Enterprise cloud performs best with DevOps, software-defined networks

A survey of F5 customers confirms everything is connected.

Hybrid cloud is in the plans of nine out of ten organizations, and DevOps and software-defined networking (SDN) are considered the best supporting approaches to making cloud services succeed.

Photo: HubSpot

This is one of the takeaways from a recent survey of 3.002 IT executives and managers, conducted among the customer base of F5 Networks, Inc. The study's authors, Lori MacVittie and Cindy Borovick, said there are many trends impacting application delivery, but everything is related.

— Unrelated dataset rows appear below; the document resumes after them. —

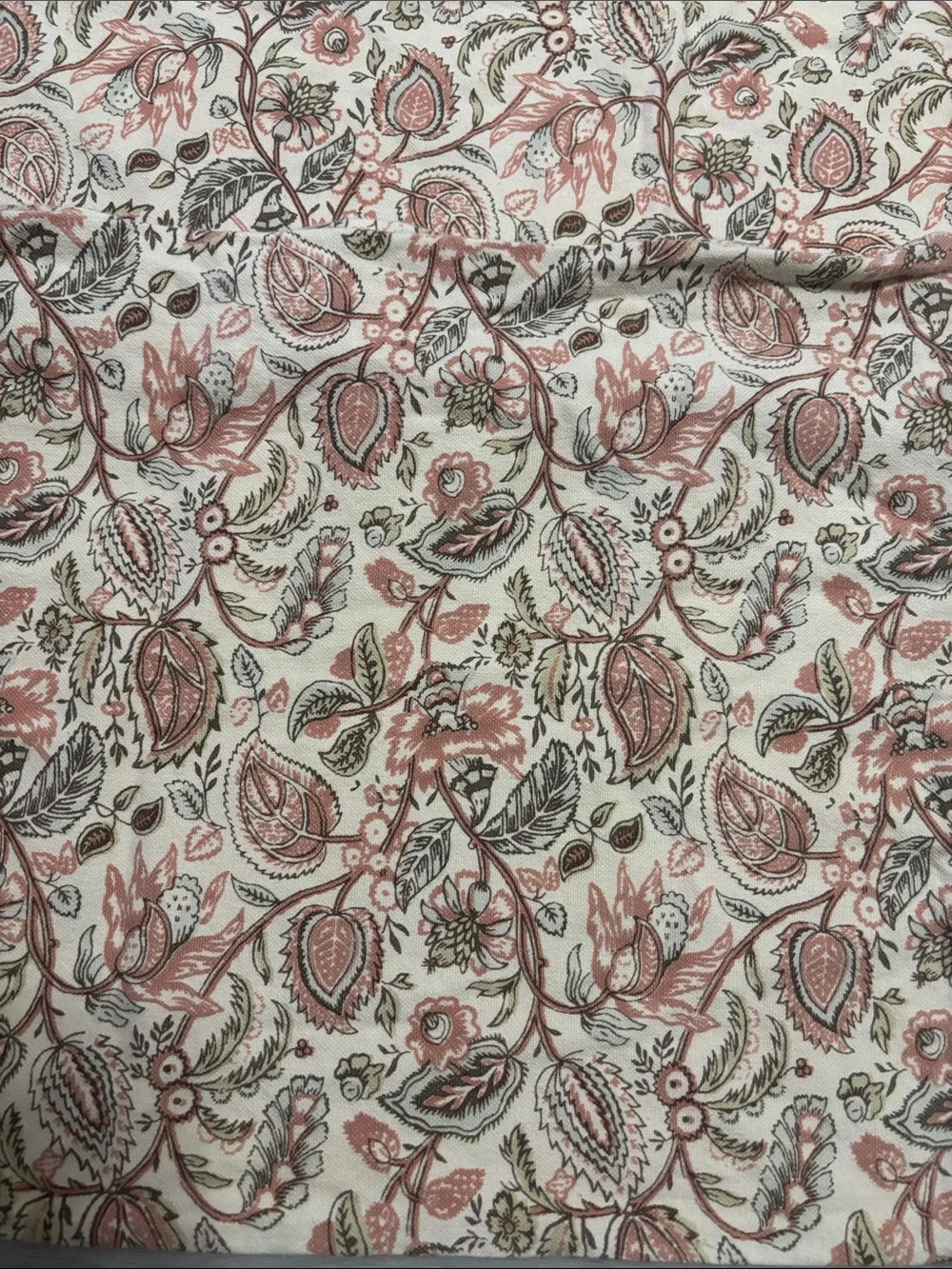 Pottery Barn Floral Paisley Pillowcase Covers Pair in Cream & Dusty Rose 16”x26”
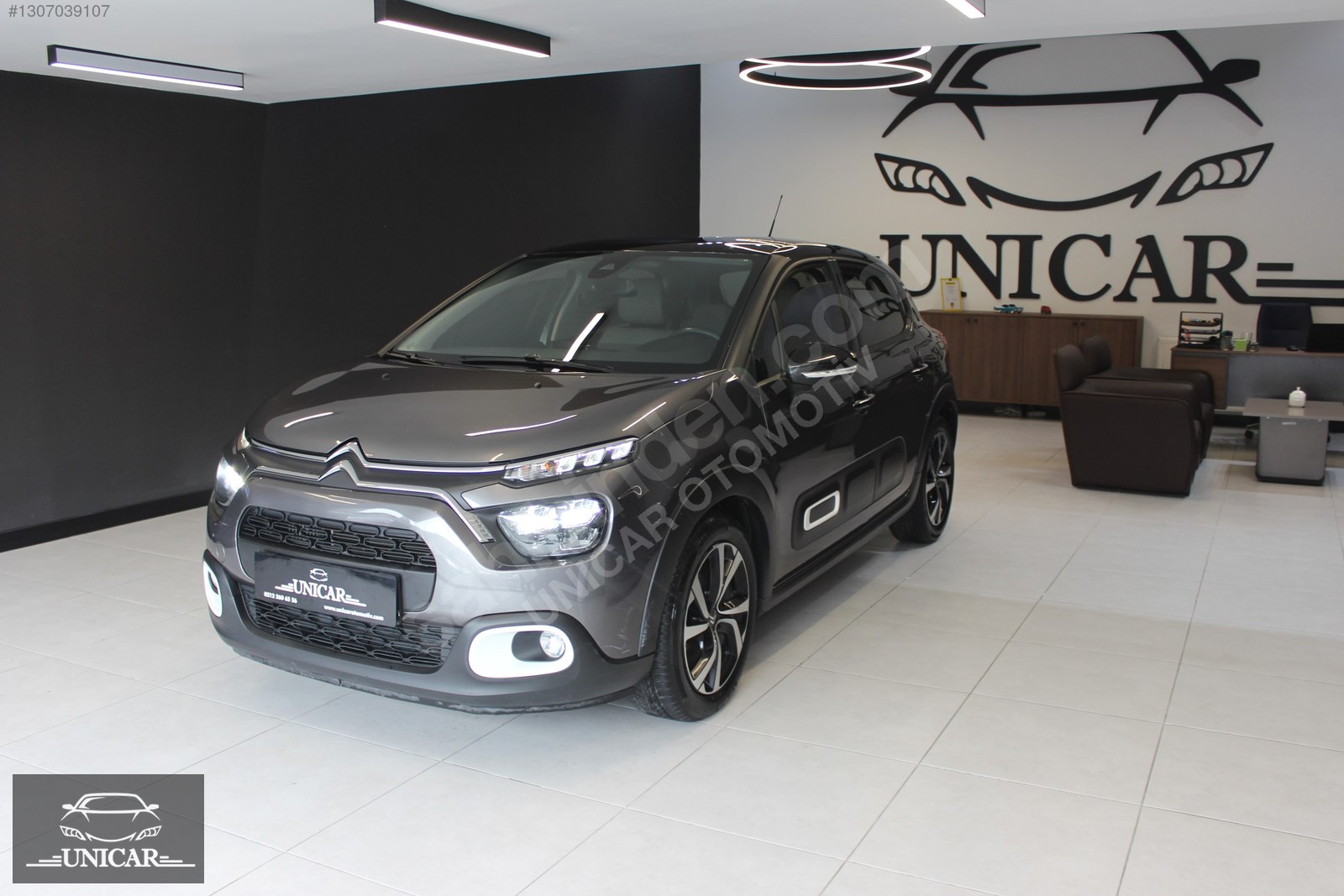 Citroen C3 1.2 PureTech Shine 4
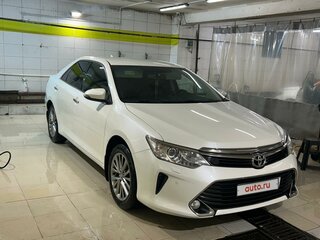 2015 Toyota Camry VII (XV50) Рестайлинг, белый, 2100000 рублей, вид 1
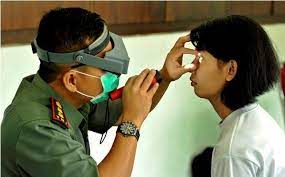 Huruf apa yang tidak ada di deretan ini? Tips Lolos Tes Kesehatan Mata Untuk Tni Literacy Militer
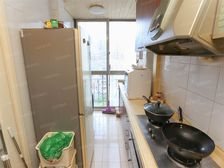 前排小高层南北三房,采光视野好,位置安静,诚意出售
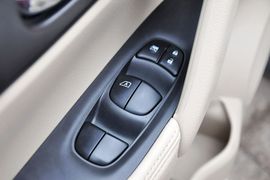 2014款日产奇骏2.0L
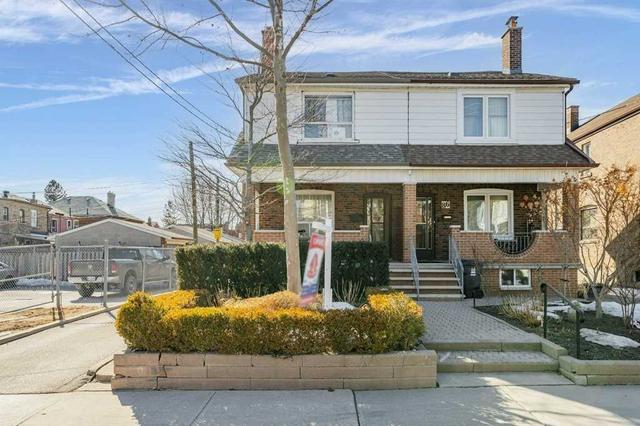 84 Earlscourt Ave, House semidetached with 5 bedrooms, 3 bathrooms and 5 parking in Toronto ON | Image 2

"Everything actually touches everything else," said MacVittie in a webcast accompanying the survey results. "Mobile applications are driving cloud. Which is also driving DevOps. Which is also driving the need for more security... It's all interelated." Accordingly, "hybrid cloud being the new normal, were seeing an big upswing in services that support that. Global service load balancing, identify federation. DNS -- things that are going to really impact that and help manage that better."

The survey explored the connection between cloud implementations and DevOps, and found some interesting relationships. "Although cloud chatter about DevOps often focuses on public cloud, our survey respondents seem to associate DevOps more with private cloud," MacVittie and Borovick state. "Of the 43 percent of participants who see private cloud as strategically significant, 23 percent also believe DevOps is significant, and almost twice as many (44 percent) believe the same about software-defined networking [SDN]. This seems to indicate that as organizations develop and deploy applications in their private clouds, they believe DevOps practices together with SDN implementations will give them the agile IT environments they need to meet their business requirements."

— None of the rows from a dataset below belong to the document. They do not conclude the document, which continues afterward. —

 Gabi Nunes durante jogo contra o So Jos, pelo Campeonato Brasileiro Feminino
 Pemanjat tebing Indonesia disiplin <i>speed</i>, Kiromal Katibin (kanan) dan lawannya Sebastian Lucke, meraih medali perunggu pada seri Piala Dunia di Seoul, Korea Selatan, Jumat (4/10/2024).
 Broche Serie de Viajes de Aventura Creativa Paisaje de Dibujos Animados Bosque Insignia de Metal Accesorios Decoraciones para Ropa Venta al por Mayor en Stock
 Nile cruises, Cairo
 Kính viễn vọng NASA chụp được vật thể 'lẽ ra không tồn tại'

The survey also found that SDN and DevOps are both "are key to IT's ability to improve operational efficiency," MacVittie and Borovick state. Overall, 37 percent said that SDN will be "strategically important" to their organizations in the next two to five years. However, only three percent have SDN in place at this time. SDN adoption may take time, since it involves major disruptions of existing systems.

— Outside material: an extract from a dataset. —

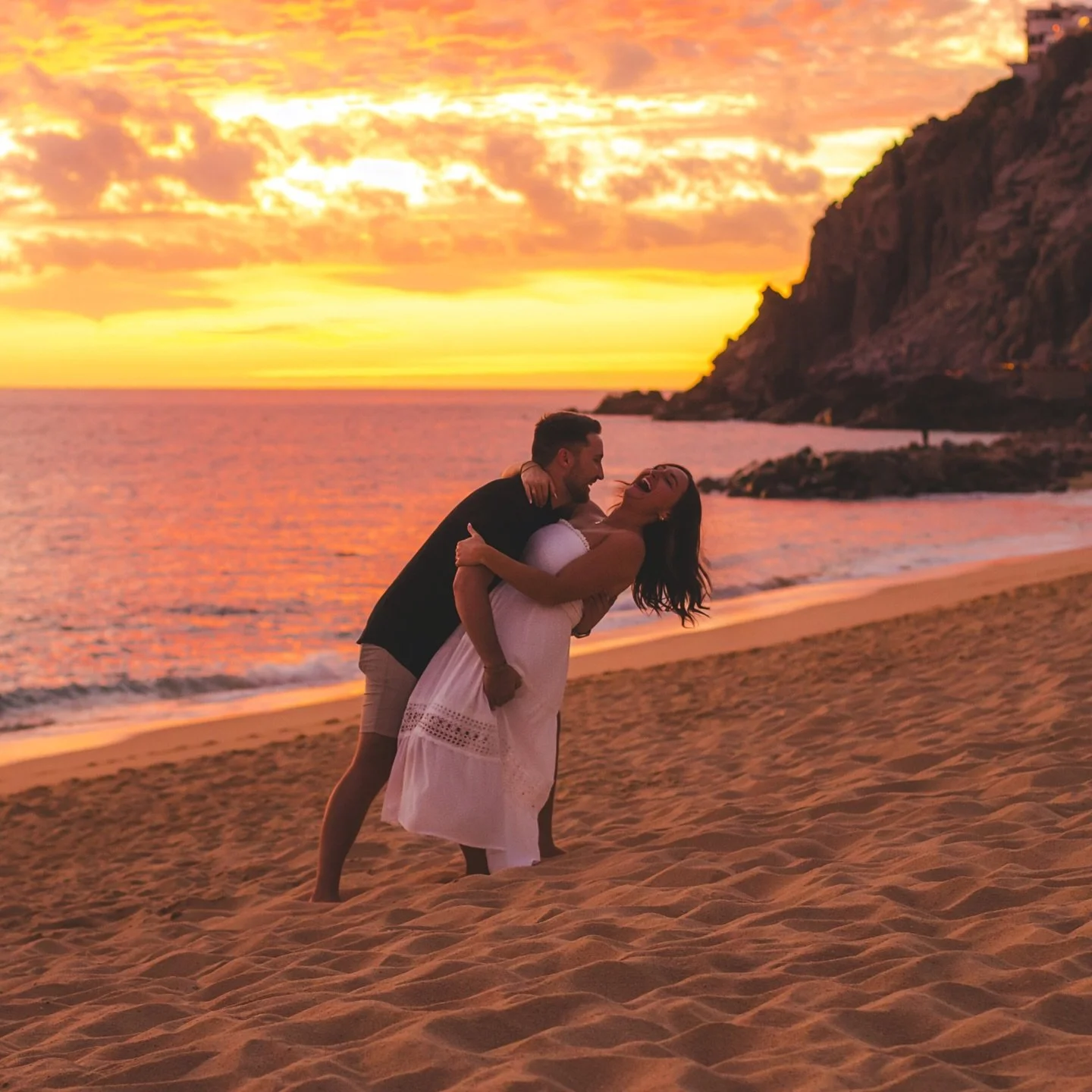 Looking for a gift she&rsquo;ll never forget? (Like, literally, the memories will be proudly displayed on her walls!) Book a romantic golden-hour photo session with us 📸🫶🌅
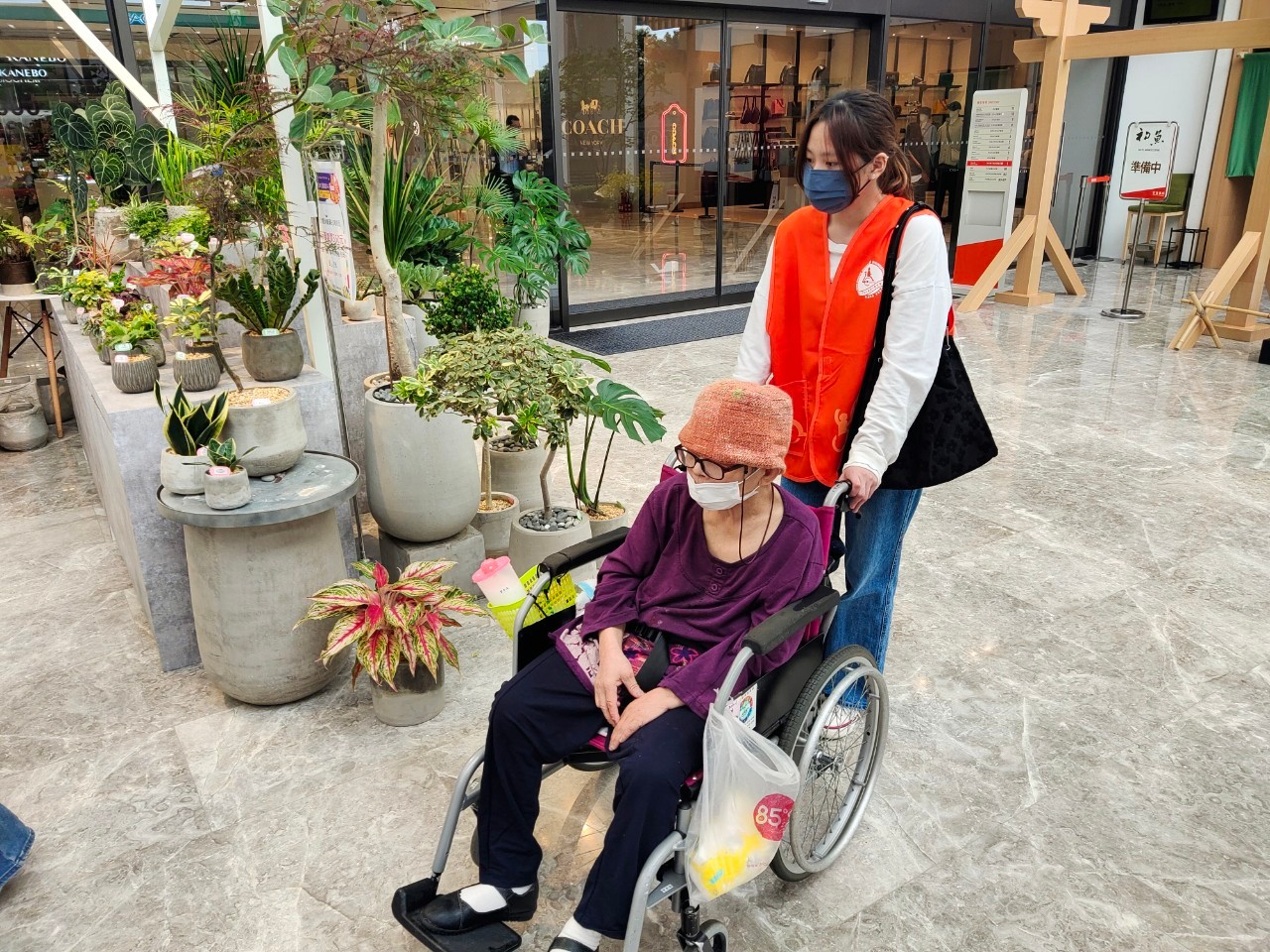【平日 下午】9/26(二)旅遊陪伴志工-大稻埕、迪化街踏踏青 的3張圖片組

When it comes to tools, automation and orchestration are seen as essential to DevOps and SDN. "Automation tools and frameworks rely on programmability features such as application programming interfaces (APIs) and templates that enable software-defined provisioning and configuration across application and network infrastructures," the report states. "It was no surprise then that respondents rated as important to highly important all facets of programmability that enable automation: APIs (58 percent), templates (49 percent), and data path programmability (67 percent)."

Cloud computing plans are taking many forms, the survey finds. One out of five respondents said they plan to migrate over half of their applications to the cloud while keeping the remainder on premises. In total, 87 percent indicated they planned to move to hybrid cloud environments.

Overall, secure cloud was top of mind for executives and managers in the survey. When asked which services they anticipate implementing over the coming year, 26 percent said they plan this year to deploy DNSSEC. The same number cited identify federation services, which lets IT maintain control of users' credentials when they access cloud-based applications. Nearly one quarter of respondents also plan to deploy virtual desktop infrastructure (VDI), single signon, and global server load balancing solutions. The nature of these services points to organizations moving toward a world of hybrid cloud or "multi cloud"--any combination of on-premises and cloud deployment models across one or more cloud architectures and providers.

Hybrid cloud is not without its challenges. Twenty-eight percent said they don't have the analytics to understand when it's most cost effective to deploy applications in the cloud versus the data center. Slightly more (29 percent) said they haven't found a comprehensive identity and access management (IAM) solution. "This challenge is especially important to solve because IAM solutions are essential to supporting a mobile workforce, the growing number of mobile applications, and the increasing use of cloud-based and SaaS applications," the report stated.